■ Data

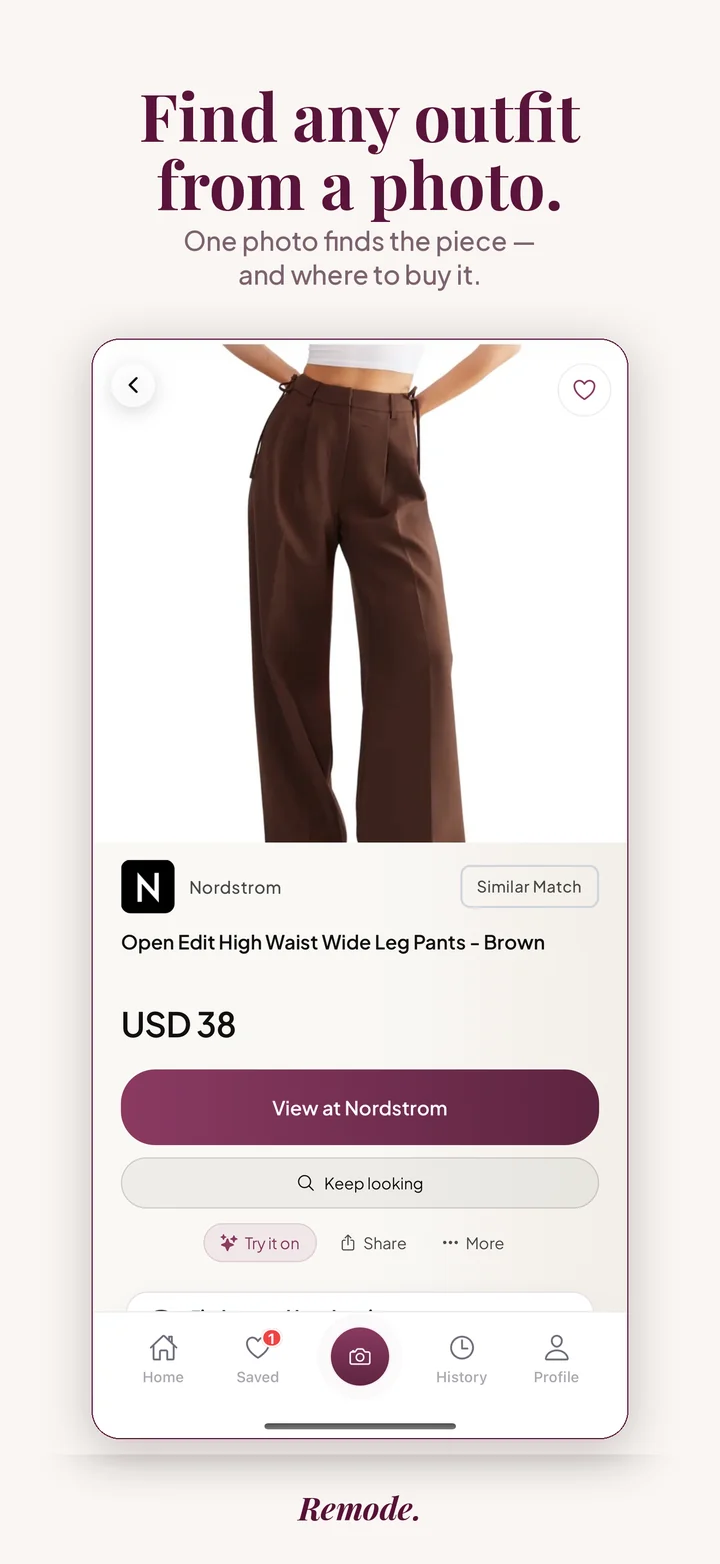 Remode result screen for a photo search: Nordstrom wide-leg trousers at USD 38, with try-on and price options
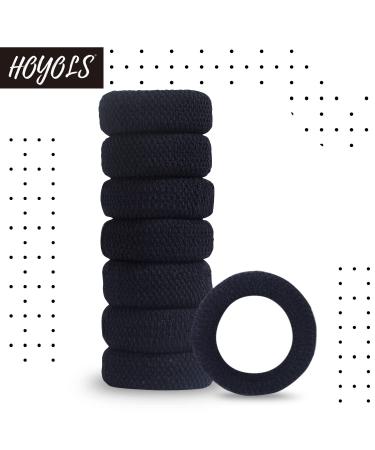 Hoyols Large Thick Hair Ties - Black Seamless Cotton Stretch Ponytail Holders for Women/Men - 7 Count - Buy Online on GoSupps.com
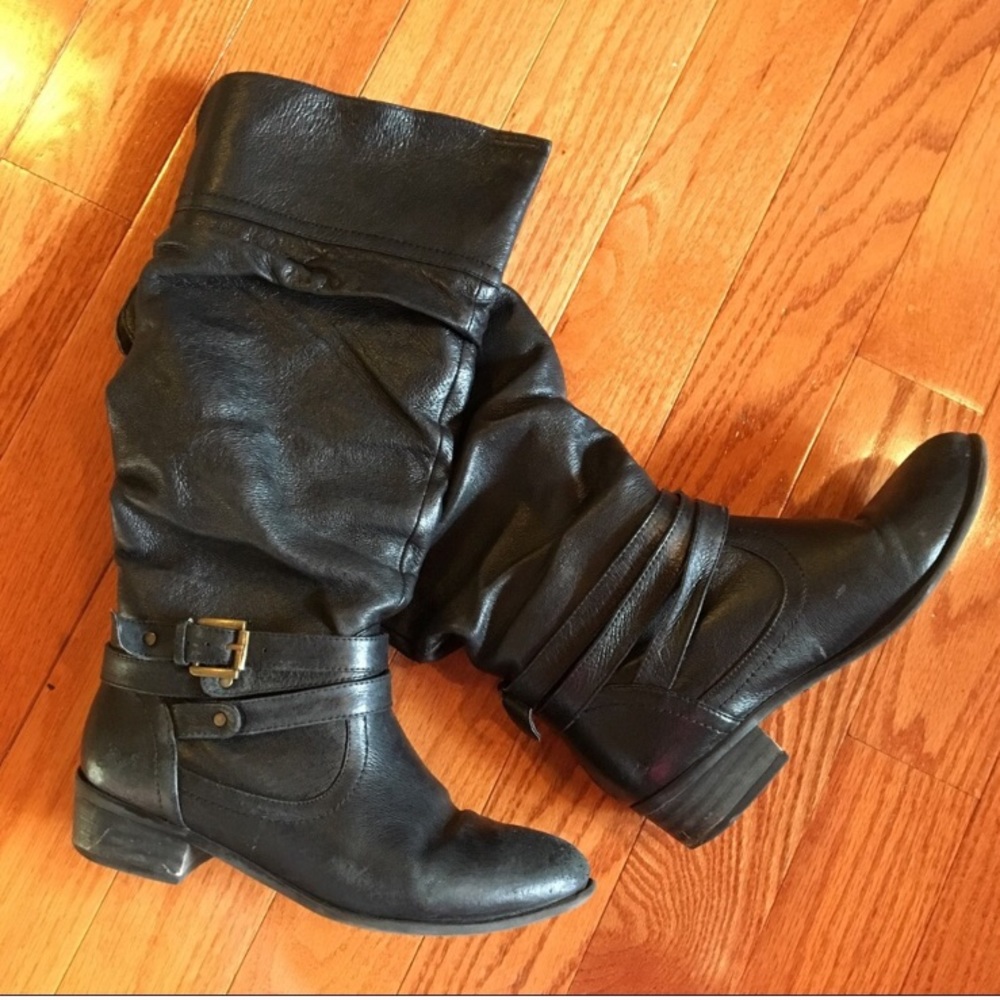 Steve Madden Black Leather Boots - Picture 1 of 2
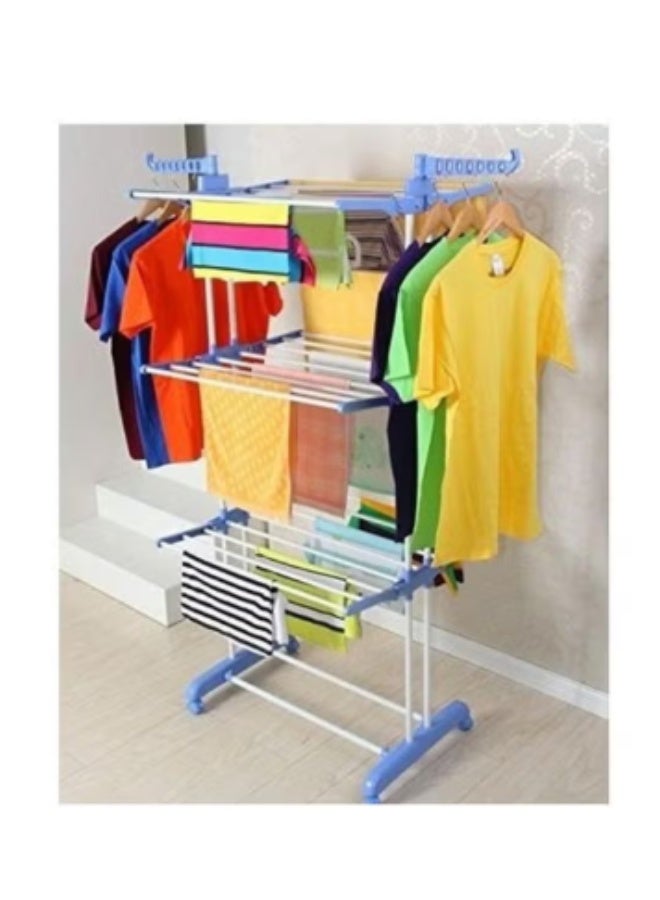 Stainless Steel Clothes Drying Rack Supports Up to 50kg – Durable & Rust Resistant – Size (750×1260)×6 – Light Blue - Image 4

--

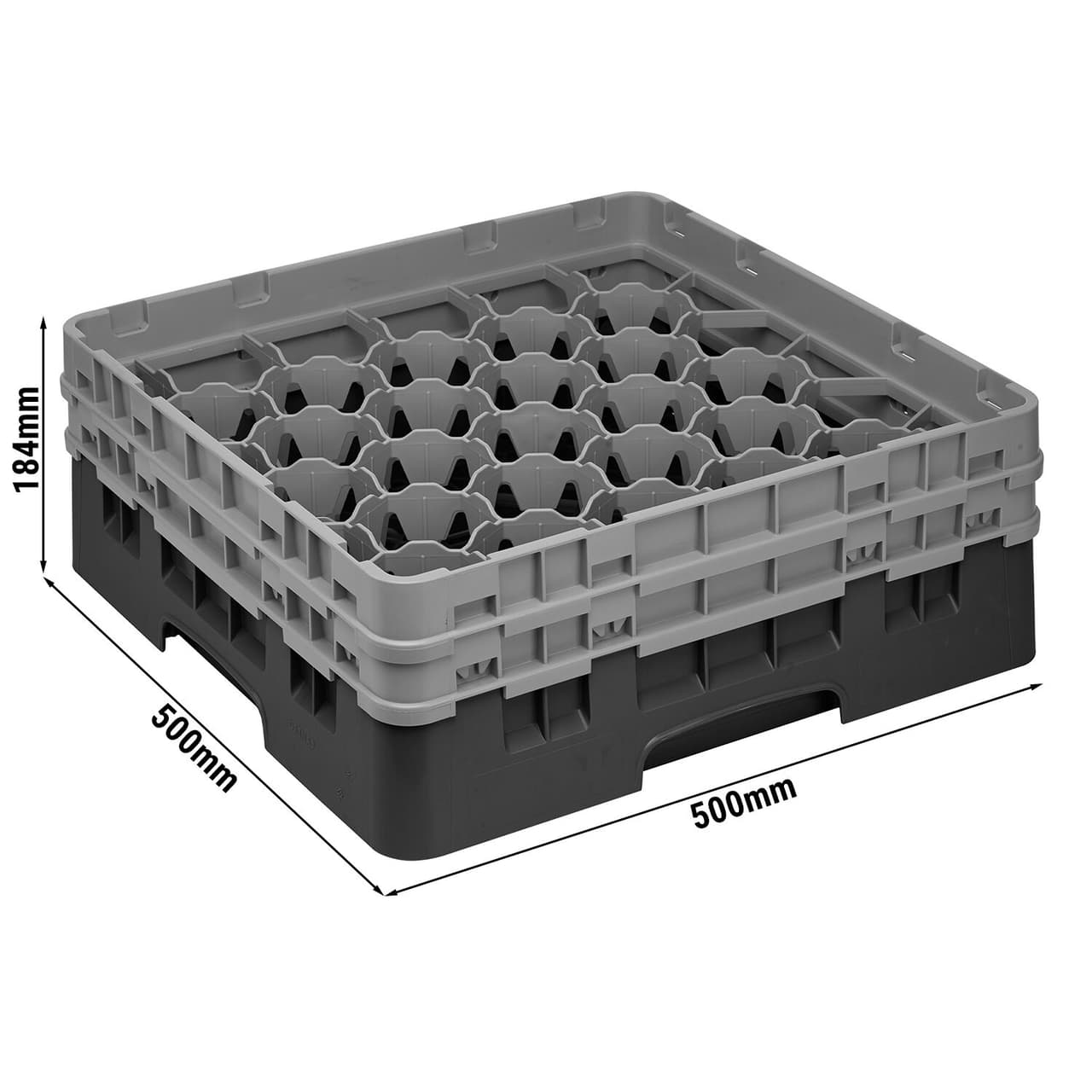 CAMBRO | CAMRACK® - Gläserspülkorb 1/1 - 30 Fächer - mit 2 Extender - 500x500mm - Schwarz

---

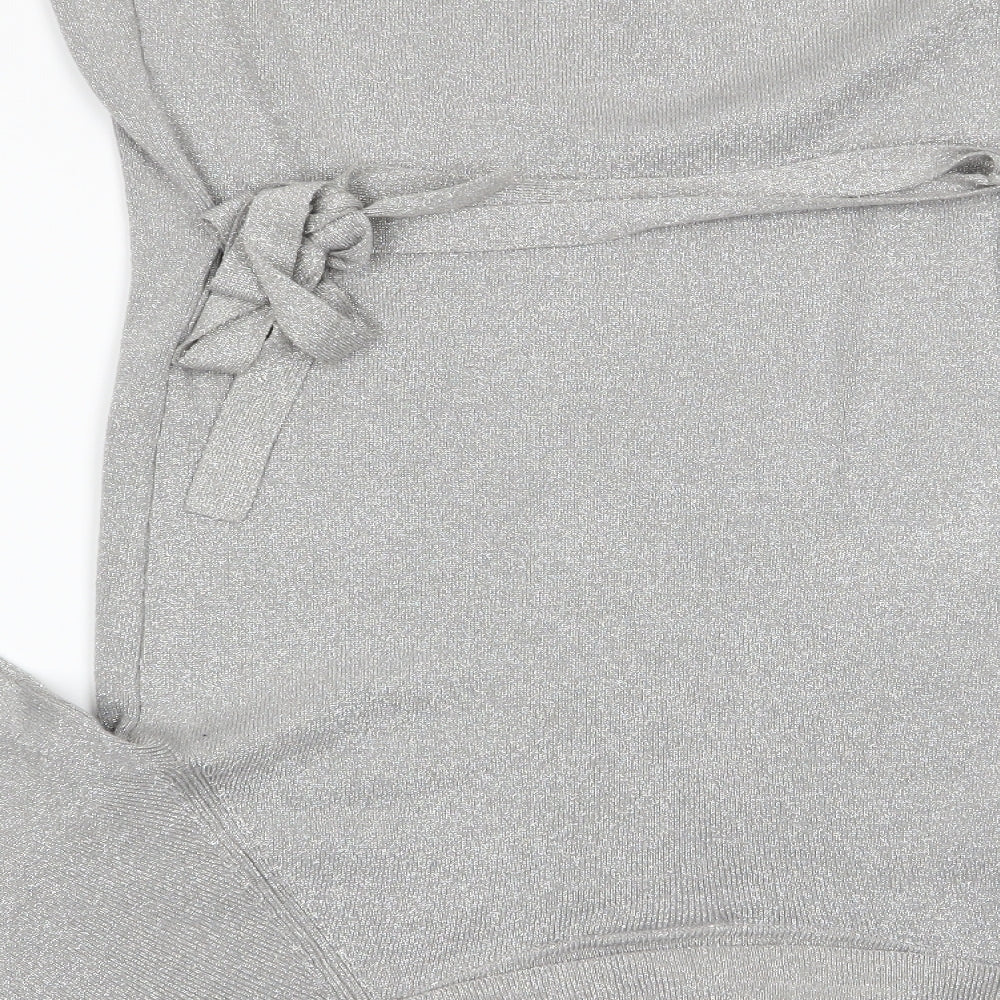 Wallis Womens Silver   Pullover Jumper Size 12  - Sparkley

■ Problem statement
Return the material from the line containing "Remode result screen" through the line containing "Stainless Steel Clothes", exactly and in full, but without its pictures.

■ Task answer
 Remode result screen for a photo search: Nordstrom wide-leg trousers at USD 38, with try-on and price options
 Hoyols Large Thick Hair Ties - Black Seamless Cotton Stretch Ponytail Holders for Women/Men - 7 Count - Buy Online on GoSupps.com
 Steve Madden Black Leather Boots - Picture 1 of 2
 Stainless Steel Clothes Drying Rack Supports Up to 50kg – Durable & Rust Resistant – Size (750×1260)×6 – Light Blue - Image 4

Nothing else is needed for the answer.